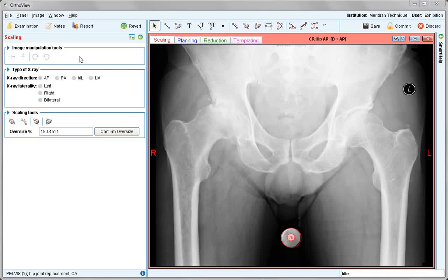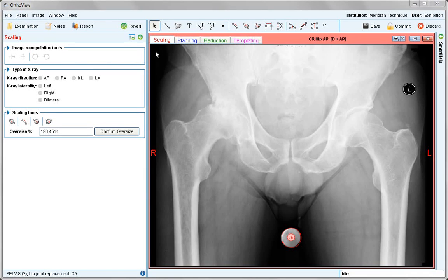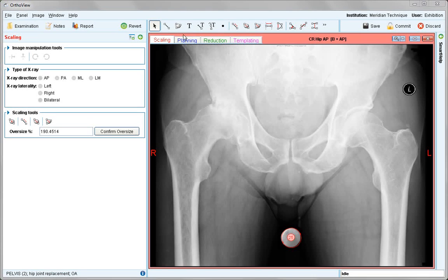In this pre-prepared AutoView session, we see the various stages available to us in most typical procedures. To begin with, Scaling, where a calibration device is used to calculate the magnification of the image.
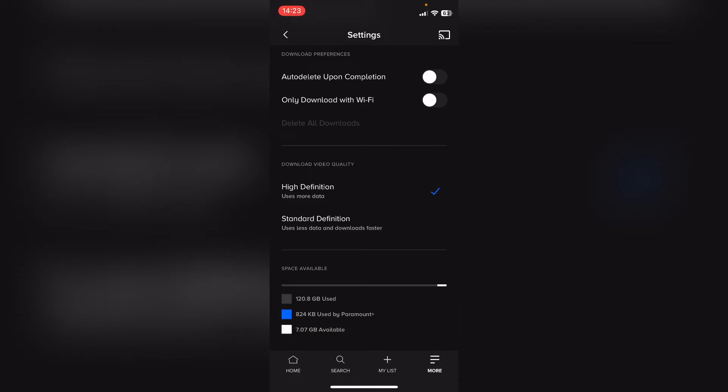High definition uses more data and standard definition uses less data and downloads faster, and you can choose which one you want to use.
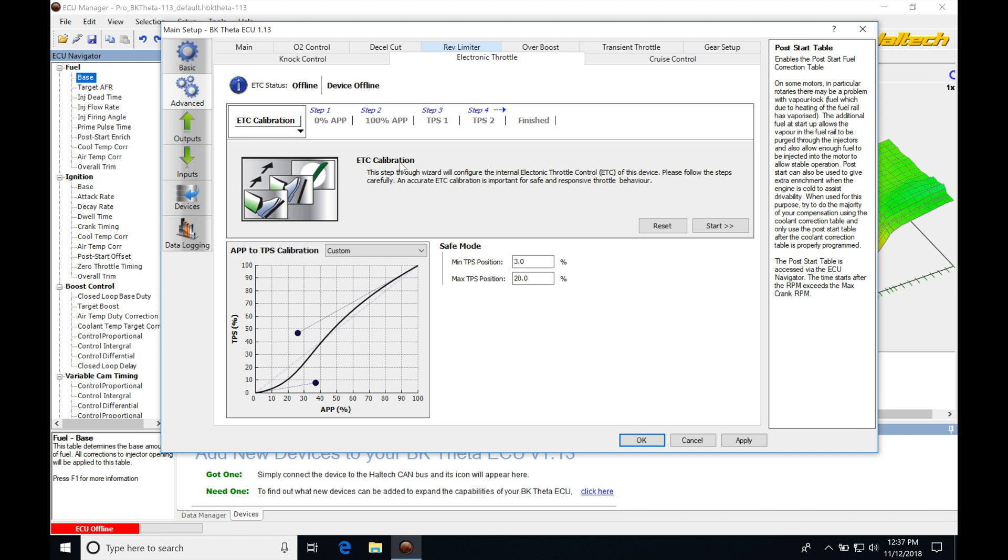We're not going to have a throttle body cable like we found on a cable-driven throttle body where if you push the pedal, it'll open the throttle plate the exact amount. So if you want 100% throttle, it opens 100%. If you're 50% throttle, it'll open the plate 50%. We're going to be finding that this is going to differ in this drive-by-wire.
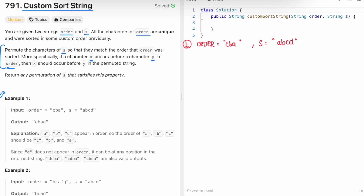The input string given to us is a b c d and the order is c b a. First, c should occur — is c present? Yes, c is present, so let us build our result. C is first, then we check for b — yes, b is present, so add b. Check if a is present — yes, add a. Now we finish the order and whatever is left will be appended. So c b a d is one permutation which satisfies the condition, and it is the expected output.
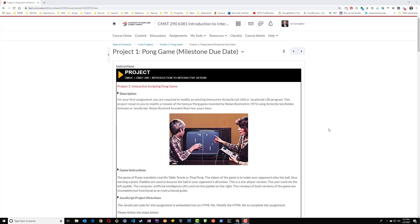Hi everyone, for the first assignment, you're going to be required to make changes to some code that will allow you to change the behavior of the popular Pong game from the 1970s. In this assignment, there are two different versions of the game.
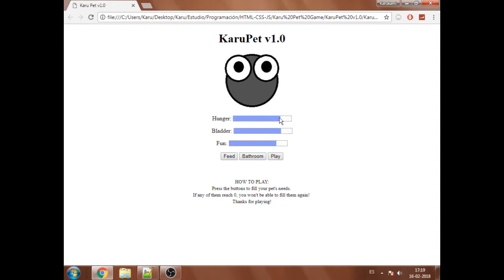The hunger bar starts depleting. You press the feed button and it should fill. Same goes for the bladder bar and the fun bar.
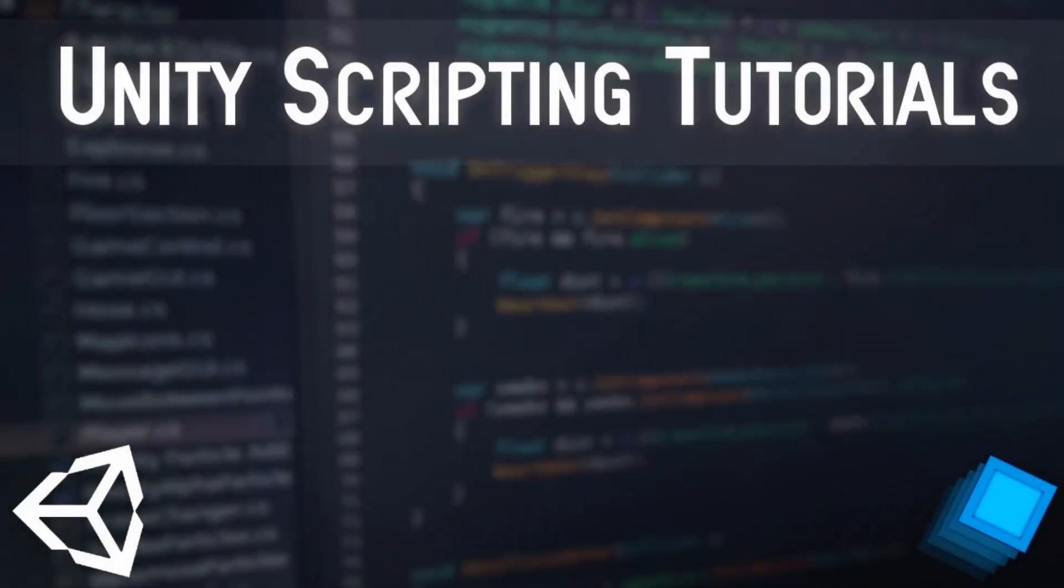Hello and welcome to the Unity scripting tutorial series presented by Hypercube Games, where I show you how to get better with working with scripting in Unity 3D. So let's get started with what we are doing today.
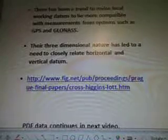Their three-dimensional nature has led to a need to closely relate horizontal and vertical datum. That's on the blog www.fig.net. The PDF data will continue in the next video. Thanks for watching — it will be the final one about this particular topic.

####

▶ WORK INSTRUCTION:
Give the entries again word for word, but skip the pictures.

▶ FINISHED TASK:
In this pre-prepared AutoView session, we see the various stages available to us in most typical procedures. To begin with, Scaling, where a calibration device is used to calculate the magnification of the image.
High definition uses more data and standard definition uses less data and downloads faster, and you can choose which one you want to use.
We're not going to have a throttle body cable like we found on a cable-driven throttle body where if you push the pedal, it'll open the throttle plate the exact amount. So if you want 100% throttle, it opens 100%. If you're 50% throttle, it'll open the plate 50%. We're going to be finding that this is going to differ in this drive-by-wire.
The input string given to us is a b c d and the order is c b a. First, c should occur — is c present? Yes, c is present, so let us build our result. C is first, then we check for b — yes, b is present, so add b. Check if a is present — yes, add a. Now we finish the order and whatever is left will be appended. So c b a d is one permutation which satisfies the condition, and it is the expected output.
Hi everyone, for the first assignment, you're going to be required to make changes to some code that will allow you to change the behavior of the popular Pong game from the 1970s. In this assignment, there are two different versions of the game.
The hunger bar starts depleting. You press the feed button and it should fill. Same goes for the bladder bar and the fun bar.
Hello and welcome to the Unity scripting tutorial series presented by Hypercube Games, where I show you how to get better with working with scripting in Unity 3D. So let's get started with what we are doing today.
Their three-dimensional nature has led to a need to closely relate horizontal and vertical datum. That's on the blog www.fig.net. The PDF data will continue in the next video. Thanks for watching — it will be the final one about this particular topic.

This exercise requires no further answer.